Exercise input:
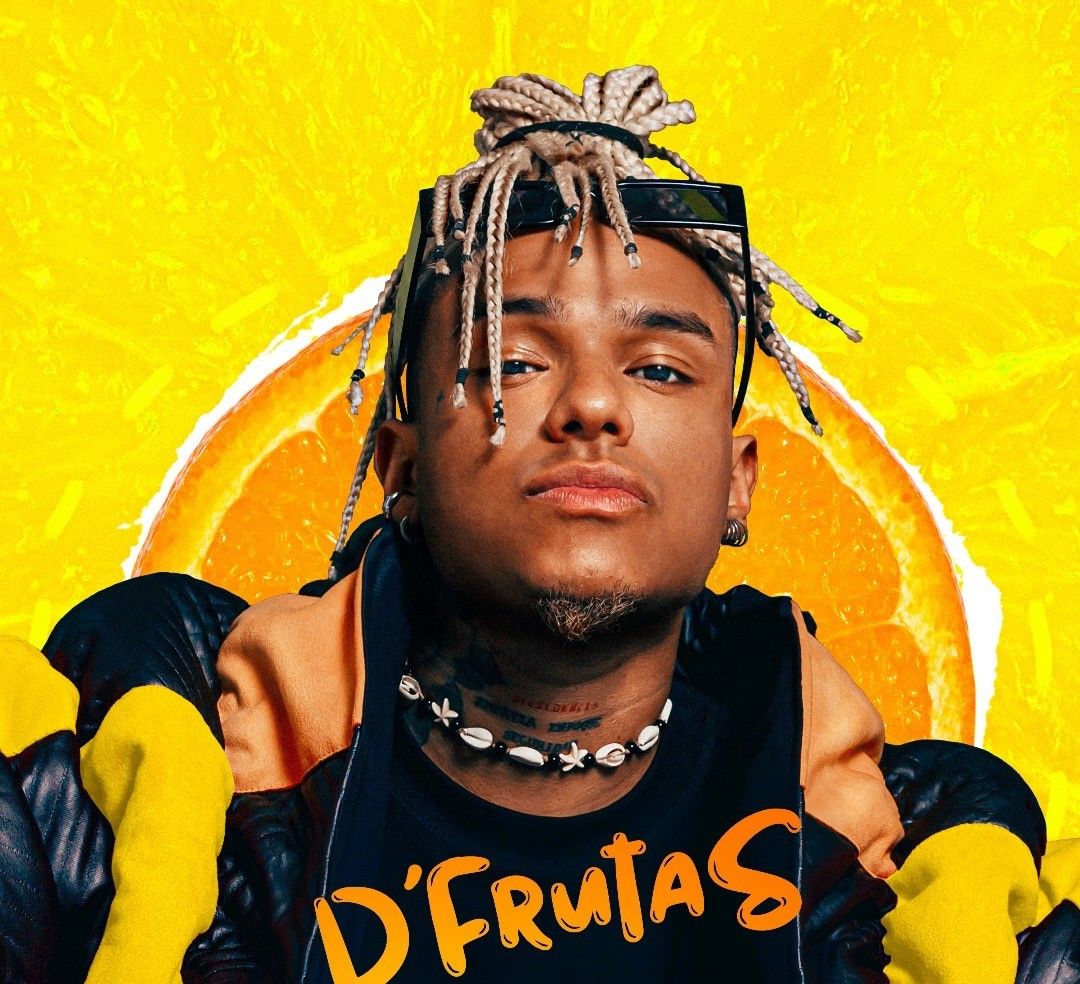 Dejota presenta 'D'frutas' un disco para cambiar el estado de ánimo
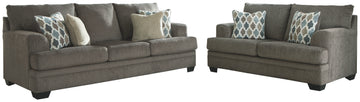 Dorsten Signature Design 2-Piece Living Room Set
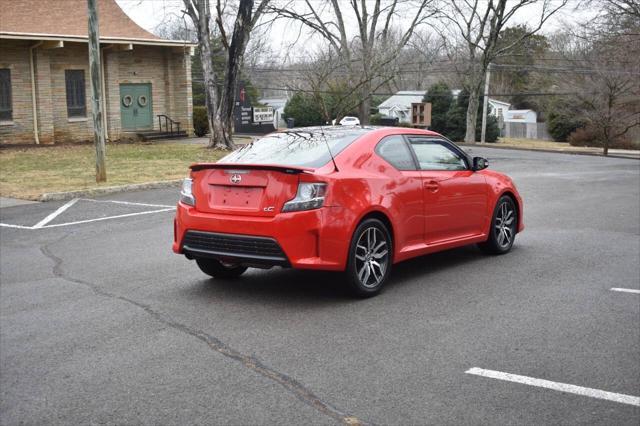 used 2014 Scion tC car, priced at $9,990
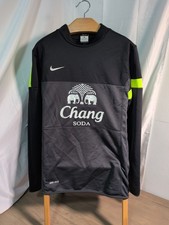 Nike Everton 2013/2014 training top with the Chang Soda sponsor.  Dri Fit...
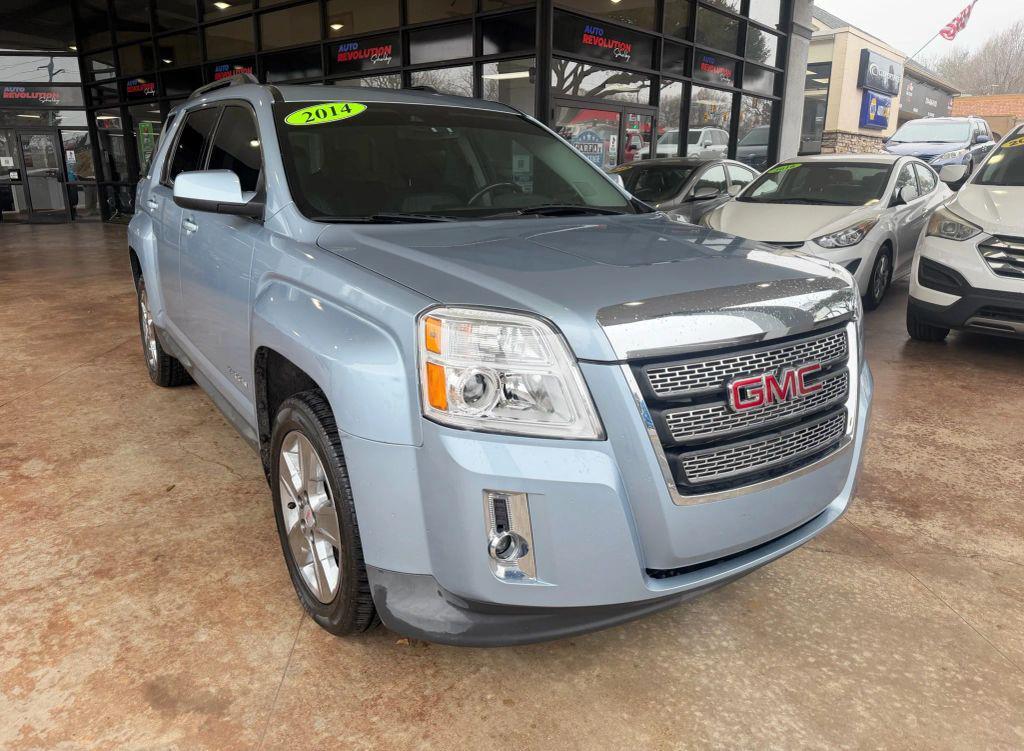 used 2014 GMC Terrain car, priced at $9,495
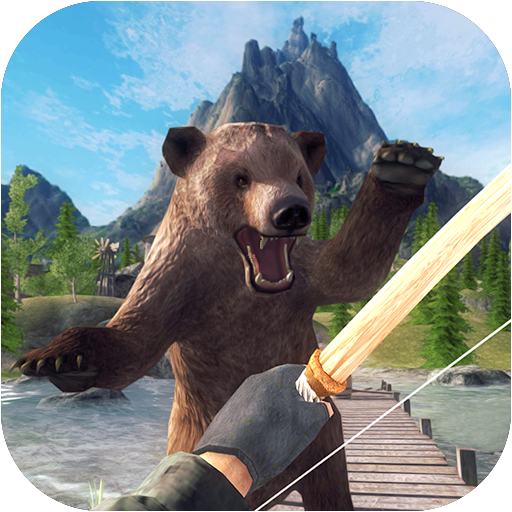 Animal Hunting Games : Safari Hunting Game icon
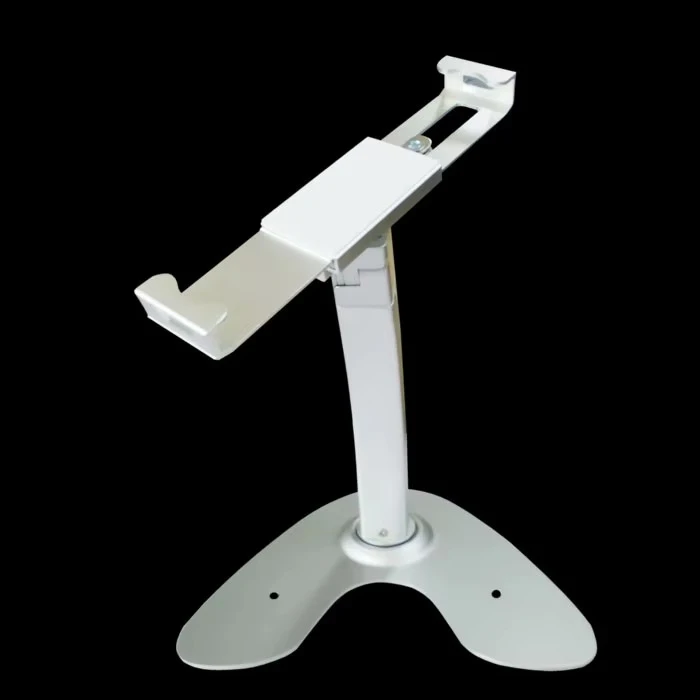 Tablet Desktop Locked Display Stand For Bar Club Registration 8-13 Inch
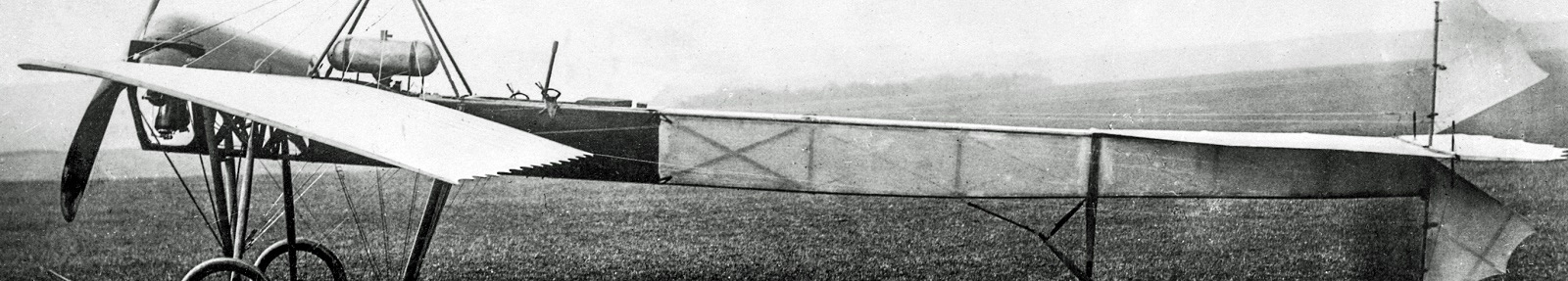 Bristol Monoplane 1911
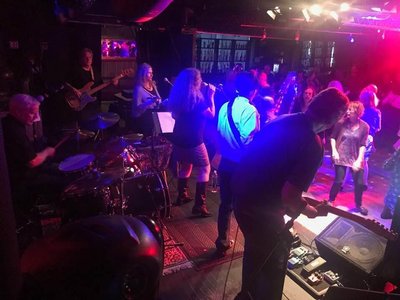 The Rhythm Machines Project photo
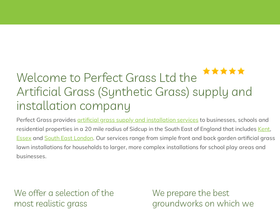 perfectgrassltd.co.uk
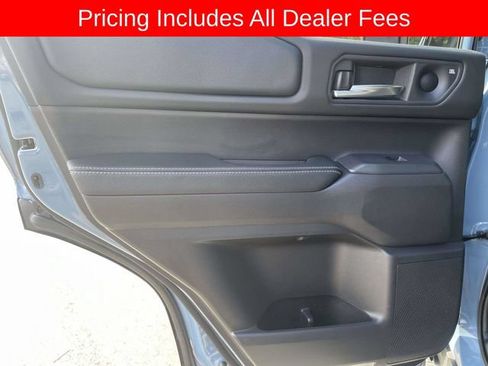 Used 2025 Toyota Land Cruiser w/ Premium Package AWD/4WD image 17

Task:
Set down the material above word for word and skip its pictures.

Your response:
 Dejota presenta 'D'frutas' un disco para cambiar el estado de ánimo
 Dorsten Signature Design 2-Piece Living Room Set
 used 2014 Scion tC car, priced at $9,990
 Nike Everton 2013/2014 training top with the Chang Soda sponsor.  Dri Fit...
 used 2014 GMC Terrain car, priced at $9,495
 Animal Hunting Games : Safari Hunting Game icon
 Tablet Desktop Locked Display Stand For Bar Club Registration 8-13 Inch
 Bristol Monoplane 1911
 The Rhythm Machines Project photo
 perfectgrassltd.co.uk
 Used 2025 Toyota Land Cruiser w/ Premium Package AWD/4WD image 17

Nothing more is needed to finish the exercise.